Article directory
1. Total probability formula
1. References
p(alive) = 0.5 * 0.8 + 0.5 * 0.3
The event that the flower is alive can be divided into two cases, one is if the neighbor remembers to water, the flower is alive, and the other is if the neighbor forgets to
water Next, the flower is alive.
2. Total probability formula
2. Bayesian formula
1. References
p(neighbor remembers watering | flower alive) = (p(flower lives | neighbor remembers watering) * p(neighbor remembers watering)) / (p(flower lives | neighbor remembers watering) * p(neighbor remembers watering ) + p(flower alive | neighbor forgot to water)*p(neighbor forgot to water)) = (0.8 * 0.5) / (0.8 * 0.5 + 0.3 * 0.5)
2. Bayesian formula
3. Naive Bayes
1. Concept
The Bayesian algorithm is based on Bayesian theorem and is supported by rigorous mathematical theory. When it is assumed that each sample is independent of each other, the constructed Bayesian algorithm is called the Naive Bayesian algorithm.
2. Algorithm process
(1) Let the data set be D, where each tuple has n attributes, and one of the tuples is X = {x1, x2, ..., xn} (2) Suppose there are a total of m categories {C1, C2, ...

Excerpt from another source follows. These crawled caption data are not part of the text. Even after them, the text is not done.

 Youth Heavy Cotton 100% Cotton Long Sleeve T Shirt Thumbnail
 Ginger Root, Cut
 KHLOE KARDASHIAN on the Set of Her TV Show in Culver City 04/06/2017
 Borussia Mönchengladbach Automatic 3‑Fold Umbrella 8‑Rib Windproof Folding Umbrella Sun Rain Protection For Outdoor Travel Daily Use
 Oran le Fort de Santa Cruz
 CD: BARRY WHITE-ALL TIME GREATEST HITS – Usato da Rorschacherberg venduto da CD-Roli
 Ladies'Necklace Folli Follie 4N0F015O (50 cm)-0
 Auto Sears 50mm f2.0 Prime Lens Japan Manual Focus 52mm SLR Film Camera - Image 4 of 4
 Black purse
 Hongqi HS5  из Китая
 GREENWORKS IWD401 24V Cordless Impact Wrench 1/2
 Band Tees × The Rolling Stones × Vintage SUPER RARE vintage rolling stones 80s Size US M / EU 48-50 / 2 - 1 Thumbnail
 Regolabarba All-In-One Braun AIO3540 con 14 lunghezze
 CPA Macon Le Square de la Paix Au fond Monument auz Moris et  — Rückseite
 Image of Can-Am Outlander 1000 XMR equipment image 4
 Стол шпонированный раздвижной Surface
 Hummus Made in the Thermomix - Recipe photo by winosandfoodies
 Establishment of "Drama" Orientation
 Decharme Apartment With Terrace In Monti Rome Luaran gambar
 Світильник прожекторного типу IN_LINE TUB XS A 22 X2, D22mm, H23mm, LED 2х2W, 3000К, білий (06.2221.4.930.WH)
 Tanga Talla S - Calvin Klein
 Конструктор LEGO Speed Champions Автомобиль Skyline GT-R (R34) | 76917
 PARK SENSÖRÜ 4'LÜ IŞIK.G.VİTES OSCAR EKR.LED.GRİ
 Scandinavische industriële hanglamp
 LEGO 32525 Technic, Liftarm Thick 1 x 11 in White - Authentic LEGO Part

, Cm}, given a tuple X, calculate the probability of which class X belongs to, that is, when P(Ci|X) is the largest, X belongs to the Ci class with the highest probability.
According to the Bayesian formula, P(Ci | X) = (P(X | Ci) * P(Ci)) / P(X), where P(X) can be obtained by the total probability formula.
(3) For each type of Ci, P(X) is the same, just make the molecule the largest, P(X | Ci) * P(Ci) is the largest, where P(Ci) = |Ci| / |D| (ie is the number of tuples in category Ci compared to the total number of tuples in the dataset).
(4) For P(X | Ci), it is assumed that each attribute is independent of each other,
so P(X | Ci) = P(X1 | Ci) * P(X2 | Ci) ...P(Xn | Ci)
If the attribute is a discrete attribute, then where P(X1|Ci) = the first attribute in Ci is equal to the number of tuples in X1 to the number of tuples in Ci in D.
If the attribute is a continuous attribute, then
3. Laplace Calibration
If a certain P(Xj|Ci) = 0 is calculated, it will make the entire P(X|Ci) equal to 0, so when the data sample is too small, if the P(Xj|Ci) of an attribute is equal to 0, it will be offset In order to avoid the influence of other attributes, Laplace smoothing is used.
Among them:
where K represents the number of categories, Sj represents the number of values of the jth feature, generally 1.
4. An example
So for X1, X2 are suitable for outdoor sports.